Arguably, humankind has expended almost as much energy, effort, and thought on the attempted annihilation and killing of cities as it has on their planning, construction, and growth (Berman, 1996).

From the rear cover

Cities, War, and Terrorism is the first book to look critically at the ways in which warfare, terrorism, and counter-terrorism policies intersect in cities in the post-Cold War period. The book brings together new writing by the world's leading analysts of urban space and military and terrorist violence from the fields of geography, architecture, planning, sociology, critical theory, politics, international relations, and military studies. Arguing that urban spaces are now the critical, strategic sites of geopolitical struggle, the contributors combine cutting-edge theoretical reflections with path-breaking empirical case studies. They provide up-to-date analyses of a range of specific urban sites, including those involved in the Cold War, the Balkan wars, the Israeli-Palestinian conflict, the 9/11 attacks, the "War on Terror" attacks on Afghanistan and Iraq, and urban anti-globalization battles.
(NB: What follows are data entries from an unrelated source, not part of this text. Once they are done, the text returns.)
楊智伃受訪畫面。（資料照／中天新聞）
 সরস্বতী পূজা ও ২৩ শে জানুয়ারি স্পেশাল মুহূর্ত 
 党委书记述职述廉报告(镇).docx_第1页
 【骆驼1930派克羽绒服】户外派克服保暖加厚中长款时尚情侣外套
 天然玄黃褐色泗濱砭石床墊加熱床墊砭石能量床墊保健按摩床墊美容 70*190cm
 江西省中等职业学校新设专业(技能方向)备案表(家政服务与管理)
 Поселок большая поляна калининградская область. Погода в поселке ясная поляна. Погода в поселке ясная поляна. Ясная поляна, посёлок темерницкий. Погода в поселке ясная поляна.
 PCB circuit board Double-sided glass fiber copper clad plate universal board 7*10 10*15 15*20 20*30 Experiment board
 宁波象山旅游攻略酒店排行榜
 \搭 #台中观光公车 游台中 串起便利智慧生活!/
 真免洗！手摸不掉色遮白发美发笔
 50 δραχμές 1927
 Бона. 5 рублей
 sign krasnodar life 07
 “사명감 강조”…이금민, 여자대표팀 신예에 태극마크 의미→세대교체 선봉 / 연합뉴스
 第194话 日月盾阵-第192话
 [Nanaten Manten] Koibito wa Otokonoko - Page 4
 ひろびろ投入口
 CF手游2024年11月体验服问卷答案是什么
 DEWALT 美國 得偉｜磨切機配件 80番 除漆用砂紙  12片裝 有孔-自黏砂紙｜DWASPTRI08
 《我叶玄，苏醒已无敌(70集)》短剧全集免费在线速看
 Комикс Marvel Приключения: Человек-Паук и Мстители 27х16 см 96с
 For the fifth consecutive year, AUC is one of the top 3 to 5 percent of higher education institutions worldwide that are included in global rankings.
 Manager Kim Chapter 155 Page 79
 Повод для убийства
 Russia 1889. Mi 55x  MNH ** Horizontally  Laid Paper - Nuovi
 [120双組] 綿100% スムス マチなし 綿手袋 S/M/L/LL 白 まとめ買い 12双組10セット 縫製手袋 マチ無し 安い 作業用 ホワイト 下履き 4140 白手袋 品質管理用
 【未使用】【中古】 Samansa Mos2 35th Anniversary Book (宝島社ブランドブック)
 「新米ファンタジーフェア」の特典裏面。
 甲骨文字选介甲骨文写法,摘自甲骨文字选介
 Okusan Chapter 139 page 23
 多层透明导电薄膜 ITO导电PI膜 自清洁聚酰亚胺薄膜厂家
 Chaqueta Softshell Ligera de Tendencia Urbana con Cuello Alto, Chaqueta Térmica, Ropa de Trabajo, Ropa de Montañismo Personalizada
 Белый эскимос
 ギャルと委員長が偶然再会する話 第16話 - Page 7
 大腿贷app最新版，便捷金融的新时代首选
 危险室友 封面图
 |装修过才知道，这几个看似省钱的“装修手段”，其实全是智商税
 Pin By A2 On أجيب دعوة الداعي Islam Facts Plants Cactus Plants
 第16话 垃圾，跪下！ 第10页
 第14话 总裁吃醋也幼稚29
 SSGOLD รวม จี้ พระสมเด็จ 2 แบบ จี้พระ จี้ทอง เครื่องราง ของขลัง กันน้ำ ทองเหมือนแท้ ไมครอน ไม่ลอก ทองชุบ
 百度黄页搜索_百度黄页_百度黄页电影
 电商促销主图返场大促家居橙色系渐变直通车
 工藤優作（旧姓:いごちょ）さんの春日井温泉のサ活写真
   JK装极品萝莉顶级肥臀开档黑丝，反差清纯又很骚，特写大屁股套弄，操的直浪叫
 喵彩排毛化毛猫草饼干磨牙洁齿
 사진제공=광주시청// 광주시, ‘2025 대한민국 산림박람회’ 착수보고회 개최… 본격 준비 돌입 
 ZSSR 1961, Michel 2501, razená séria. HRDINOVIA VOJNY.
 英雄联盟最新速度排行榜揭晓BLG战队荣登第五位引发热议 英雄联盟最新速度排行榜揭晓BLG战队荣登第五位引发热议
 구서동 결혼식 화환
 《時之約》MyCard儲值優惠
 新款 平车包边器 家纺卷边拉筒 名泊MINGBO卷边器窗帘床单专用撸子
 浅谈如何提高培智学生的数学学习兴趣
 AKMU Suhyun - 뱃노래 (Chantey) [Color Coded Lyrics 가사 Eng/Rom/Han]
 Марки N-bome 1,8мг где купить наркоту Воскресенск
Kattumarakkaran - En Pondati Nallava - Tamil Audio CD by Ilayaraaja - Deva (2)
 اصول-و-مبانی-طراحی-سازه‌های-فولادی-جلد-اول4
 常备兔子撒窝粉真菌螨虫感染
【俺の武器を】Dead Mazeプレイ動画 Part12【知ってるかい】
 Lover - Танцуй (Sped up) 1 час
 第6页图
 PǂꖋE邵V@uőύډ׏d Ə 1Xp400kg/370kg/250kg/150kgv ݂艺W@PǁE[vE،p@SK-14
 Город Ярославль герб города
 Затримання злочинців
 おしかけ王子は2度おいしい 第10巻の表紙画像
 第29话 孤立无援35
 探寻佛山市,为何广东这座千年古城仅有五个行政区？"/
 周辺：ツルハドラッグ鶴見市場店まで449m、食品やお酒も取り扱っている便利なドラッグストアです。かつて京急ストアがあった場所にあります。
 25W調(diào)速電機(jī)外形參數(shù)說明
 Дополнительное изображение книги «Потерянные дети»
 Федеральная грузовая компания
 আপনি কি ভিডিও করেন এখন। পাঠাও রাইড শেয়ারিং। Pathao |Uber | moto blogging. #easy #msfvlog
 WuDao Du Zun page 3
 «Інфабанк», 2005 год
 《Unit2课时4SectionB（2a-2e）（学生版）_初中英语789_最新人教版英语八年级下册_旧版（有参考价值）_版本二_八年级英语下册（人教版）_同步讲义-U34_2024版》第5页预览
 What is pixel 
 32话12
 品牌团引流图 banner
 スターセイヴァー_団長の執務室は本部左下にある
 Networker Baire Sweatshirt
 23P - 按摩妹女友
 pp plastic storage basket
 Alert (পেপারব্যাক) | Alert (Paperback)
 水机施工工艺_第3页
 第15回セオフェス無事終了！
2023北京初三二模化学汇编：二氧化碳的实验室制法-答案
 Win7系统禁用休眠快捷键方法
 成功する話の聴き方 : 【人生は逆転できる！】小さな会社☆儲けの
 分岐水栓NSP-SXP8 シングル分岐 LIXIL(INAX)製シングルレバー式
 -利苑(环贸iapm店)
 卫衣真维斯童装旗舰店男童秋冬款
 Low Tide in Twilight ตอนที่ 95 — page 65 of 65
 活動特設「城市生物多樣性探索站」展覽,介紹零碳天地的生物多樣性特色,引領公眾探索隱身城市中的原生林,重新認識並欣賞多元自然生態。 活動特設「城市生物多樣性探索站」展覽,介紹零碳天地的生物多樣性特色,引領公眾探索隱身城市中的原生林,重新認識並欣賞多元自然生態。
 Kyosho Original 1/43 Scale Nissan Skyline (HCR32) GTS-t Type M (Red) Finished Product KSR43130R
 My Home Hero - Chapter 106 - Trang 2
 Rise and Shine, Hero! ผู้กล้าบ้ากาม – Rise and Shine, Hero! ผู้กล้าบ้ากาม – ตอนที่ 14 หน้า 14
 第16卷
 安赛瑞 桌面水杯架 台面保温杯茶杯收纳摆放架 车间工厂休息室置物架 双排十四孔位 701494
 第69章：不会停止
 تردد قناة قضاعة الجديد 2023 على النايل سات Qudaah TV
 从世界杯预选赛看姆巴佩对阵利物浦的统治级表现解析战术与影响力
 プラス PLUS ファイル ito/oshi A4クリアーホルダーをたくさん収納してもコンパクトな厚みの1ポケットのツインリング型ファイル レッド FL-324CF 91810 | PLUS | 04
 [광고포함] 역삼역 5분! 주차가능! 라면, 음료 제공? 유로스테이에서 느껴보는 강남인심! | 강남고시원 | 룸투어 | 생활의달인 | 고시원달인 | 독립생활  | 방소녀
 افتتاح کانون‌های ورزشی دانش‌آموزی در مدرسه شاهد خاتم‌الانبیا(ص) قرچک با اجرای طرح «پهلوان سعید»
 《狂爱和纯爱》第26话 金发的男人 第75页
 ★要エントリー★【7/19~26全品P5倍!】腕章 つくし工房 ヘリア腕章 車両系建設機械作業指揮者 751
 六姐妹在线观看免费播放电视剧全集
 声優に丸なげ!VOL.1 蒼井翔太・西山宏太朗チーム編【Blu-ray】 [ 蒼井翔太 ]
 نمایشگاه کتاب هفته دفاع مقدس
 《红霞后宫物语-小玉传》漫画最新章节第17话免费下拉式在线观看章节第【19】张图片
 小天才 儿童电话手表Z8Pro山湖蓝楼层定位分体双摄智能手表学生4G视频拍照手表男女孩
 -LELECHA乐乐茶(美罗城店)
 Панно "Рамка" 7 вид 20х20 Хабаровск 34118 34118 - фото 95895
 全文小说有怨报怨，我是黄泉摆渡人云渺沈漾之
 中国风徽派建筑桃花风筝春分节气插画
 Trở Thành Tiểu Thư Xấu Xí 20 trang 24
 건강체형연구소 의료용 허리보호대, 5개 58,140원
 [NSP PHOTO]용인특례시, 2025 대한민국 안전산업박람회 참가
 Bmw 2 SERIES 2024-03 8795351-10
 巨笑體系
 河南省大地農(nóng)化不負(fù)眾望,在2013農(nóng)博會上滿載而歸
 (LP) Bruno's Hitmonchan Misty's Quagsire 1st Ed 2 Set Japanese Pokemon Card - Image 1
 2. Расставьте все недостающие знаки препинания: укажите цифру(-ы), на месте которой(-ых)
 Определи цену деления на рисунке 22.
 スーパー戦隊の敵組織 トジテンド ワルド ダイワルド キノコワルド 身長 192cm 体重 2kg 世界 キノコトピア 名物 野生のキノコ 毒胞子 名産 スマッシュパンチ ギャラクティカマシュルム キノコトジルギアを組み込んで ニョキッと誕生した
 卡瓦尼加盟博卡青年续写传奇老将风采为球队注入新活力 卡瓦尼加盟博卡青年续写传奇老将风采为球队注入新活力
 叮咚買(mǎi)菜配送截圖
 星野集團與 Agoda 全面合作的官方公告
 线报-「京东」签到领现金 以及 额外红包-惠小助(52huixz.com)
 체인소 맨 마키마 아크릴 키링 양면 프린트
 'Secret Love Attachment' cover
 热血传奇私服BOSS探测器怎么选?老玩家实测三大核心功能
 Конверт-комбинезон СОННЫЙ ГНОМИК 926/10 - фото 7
Taken as a whole, the book offers both specialist and non-specialist readers a sophisticated perspective on the violence that is engulfing our increasingly urbanized world.

About the author

Stephen Graham is Professor of Human Geography at Durham University. Between 1992 and spring 2004 he was based at Newcastle University's School of Architecture, Planning and Landscape. He is the author of Telecommunications and the City (with Simon Marvin, 1996) and Splintering Urbanism (with Simon Marvin, 2001) and editor of The Cybercities Reader (2003), among other publications.